このあたりでは、女性が家で麻の織物を作っているようだ。伝統工芸といったら一番近いかもしれない。確かに、雰囲気のある織物があちこちで販売されている。まさにお婆さんがそこで作っていたりする。

Jはテーブルクロス、ランチョンマットを購入して、いい気分になっている。英語ができるお店の方と話をしながら品を選ぶ。それは楽しいだろうな。

僕は、今度はトゥルッリのミニチュア(石でできている)を購入。この店はNHKの取材が来たんだそうだ。

遅めの昼食を...と思うが、良さそうな店は人であふれている。

パニーノ(ホットサンドウィッチのようなもの)でも簡単に食べようか、というJに頷いて、そういう店に入った。

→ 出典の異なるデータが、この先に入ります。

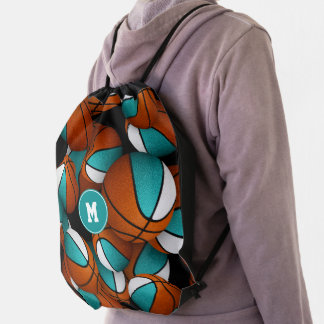 fun turquoise white basketballs pattern drawstring bag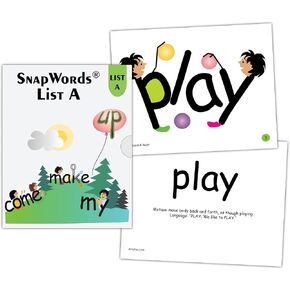 SnapWords® List A Teaching Sight Word Cards Multisensory | ESL | ELL | Kinesthetic Flash Cards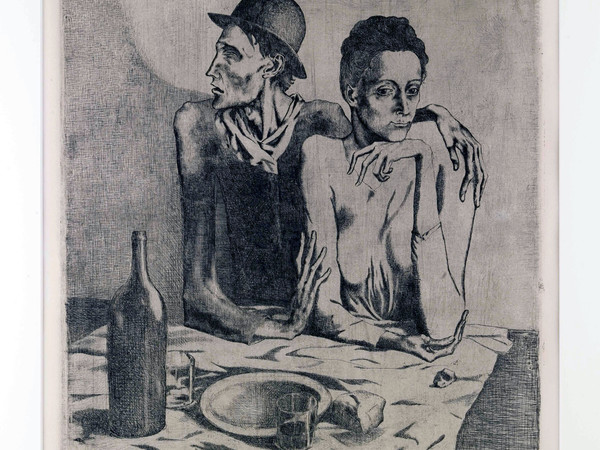 Pablo Picasso, Le repas frugal, 1904, acquaforte, mm 463x377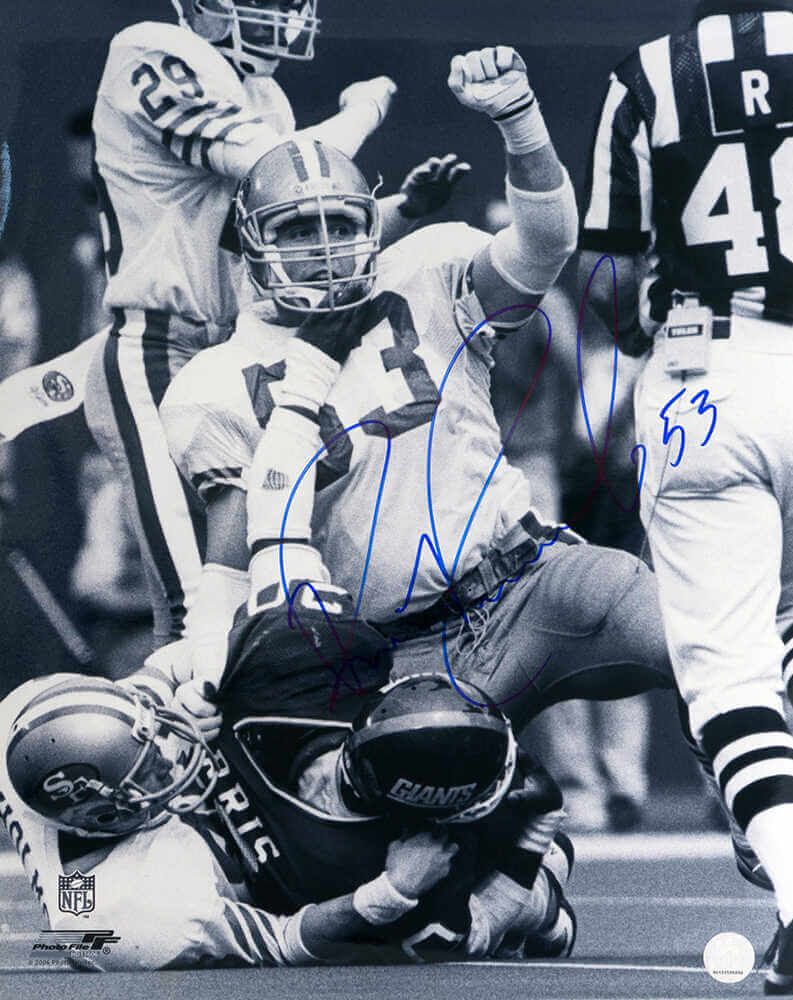 Bill Romanowski Autographed San Francisco 49ers B&W Action 16x20 Photo-Powers Sports Memorabilia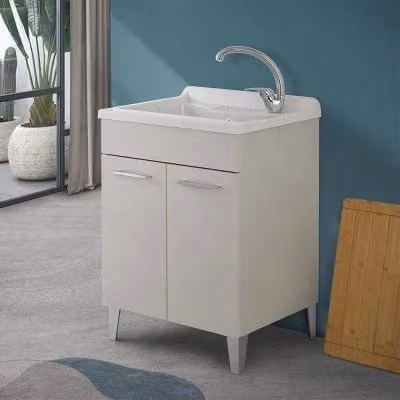 Mobile lavatoio Moon grigio calce con vasca in resina e kit di scarico L 60 cm x P 50 cm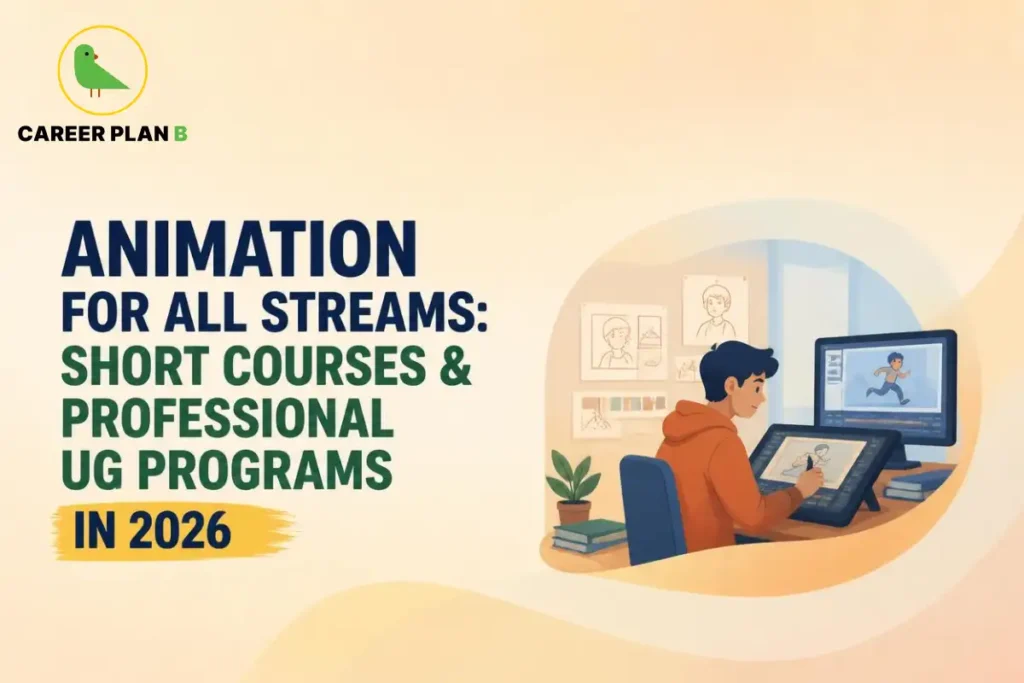 Animation courses for students from all academic streams in 2026, featuring an aspiring animator creating digital artwork and 2D animation using a graphics tablet and computer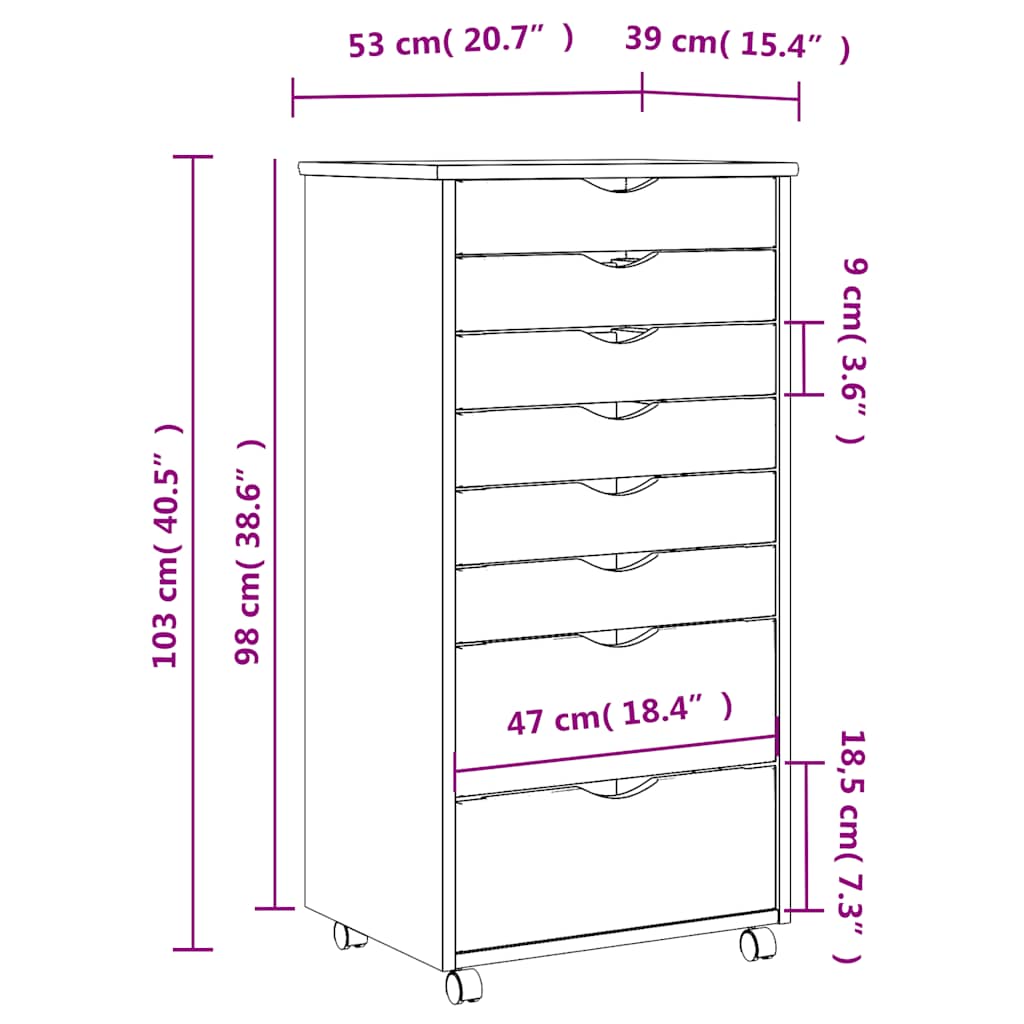 Rollschrank mit Schubladen MOSS Honigbraun Massivholz Kiefer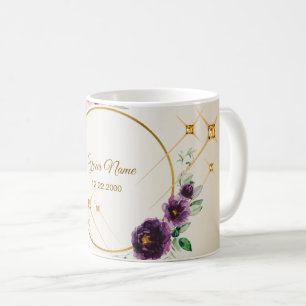 Mug Cortège de Mariage Violet Rose Floral Vert Doré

野菜が少し食べたい。が、野菜が使われているメニューはすべて作れない、とのこと。本当に野菜のない地域だ。土地がやせているのだろう。

もさもさとしたパニーノをスプライトで流し込んで店を出る。相当歩き疲れていたので、ゆっくりと奥まった席に座れたのが救いだった。

まさに観光地を観光したような一日だったな。

さぁ、今夜までの我が家、ホテルサッシへ帰ろう。

to be continue...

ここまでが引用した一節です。